The goal is to  learn a tabular data representation in an unsupervised or self-supervised such that the learnt representations can be good at the classification task.

Adapted from [pytorch implementation of SCARF](https://github.com/clabrugere/pytorch-scarf/tree/master).

In [48]:
# importing packages
import torch
import torch.nn as nn
import numpy as np
import pandas as pd
import random
import os
from torch.utils.data import Dataset, DataLoader
from torch.optim import Adam
from sklearn.metrics import (ConfusionMatrixDisplay, classification_report,
                             confusion_matrix)
from sklearn.model_selection import train_test_split
from sklearn.preprocessing import StandardScaler
from tqdm.auto import tqdm
from scarf import scarf_model, loss

In [9]:
# check the current directory, set it as scarf
if os.getcwd()!= '/home/trips/ContrastiveLearning_Tutorial/scarf':  # replace the path with your local path
    os.chdir('/home/trips/ContrastiveLearning_Tutorial/scarf')
print("Current working directory is : ", os.getcwd())

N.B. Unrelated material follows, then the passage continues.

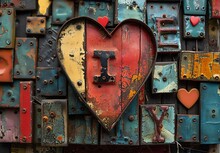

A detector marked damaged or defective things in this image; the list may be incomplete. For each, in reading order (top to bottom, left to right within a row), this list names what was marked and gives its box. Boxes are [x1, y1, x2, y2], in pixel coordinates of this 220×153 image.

rusty metal surface [180, 51, 220, 82]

Current working directory is :  /home/trips/ContrastiveLearning_Tutorial/scarf


In [38]:
# function for initial loading and processing of the dataset
def load_dataset(dataset):
    data_file = os.path.join('../Small_datasets', dataset, dataset + ".csv")
    df = pd.read_csv(data_file)
    
    # convert the target into numeric
    df.loc[df['class']=='P','class']=1
    df.loc[df['class']=='H','class']=0
    
    data, target = df.iloc[:,1:], df.iloc[:,-1]  # first column is the id and last column is the target


    train_data, test_data, train_target, test_target = train_test_split(
        data, 
        target, 
        test_size=0.2, 
        stratify=target, 
        random_state=seed
    )

    # preprocess
    constant_cols = [c for c in train_data.columns if train_data[c].nunique() == 1]
    train_data.drop(columns=constant_cols, inplace=True)
    test_data.drop(columns=constant_cols, inplace=True)

    scaler = StandardScaler()
    train_data = pd.DataFrame(scaler.fit_transform(train_data), columns=train_data.columns)
    test_data = pd.DataFrame(scaler.transform(test_data), columns=test_data.columns)

    # to torch dataset
    train_ds = scarf_model.ExampleDataset(
        train_data.to_numpy(), 
        train_target.to_numpy(), 
        columns=train_data.columns
    )
    test_ds = scarf_model.ExampleDataset(
        test_data.to_numpy(), 
        test_data.to_numpy(), 
        columns=test_data.columns
    )

    print(f"Train set: {train_ds.shape}")
    print(f"Test set: {test_ds.shape}")
    train_ds.to_dataframe().head()

    return train_ds, train_target, test_ds, test_target
    

In [45]:
# initial setting and the dataset choice

dataset = "Darwin" # dataset name
batch_size=128
epochs = 100
lr=0.001  # learning rate
repr_dims=16  # representation dimension
seed = 100  # random seed
device = torch.device("cuda" if torch.cuda.is_available() else "cpu")
corruptionRate = 0.6

In [46]:
# loading data
train_data, train_labels, test_data, test_labels = load_dataset(dataset)

# data dimensions 
print(" Training data size :  ", train_data.shape)  # Number of samples * Length of the series * number of features
print(" Test data size :  ", test_data.shape)

Train set: (139, 451)
Test set: (35, 451)
 Training data size :   (139, 451)
 Test data size :   (35, 451)


In [49]:
# Setting up the data laoder and initializing the models
train_loader = DataLoader(train_data, batch_size=batch_size, shuffle=True)

model = scarf_model.SCARF(
    input_dim=train_data.shape[1], 
    emb_dim=repr_dims,
    corruption_rate=corruptionRate,
).to(device)
optimizer = Adam(model.parameters(), lr=lr)
ntxent_loss = NTXent()

NameError: name 'NTXent' is not defined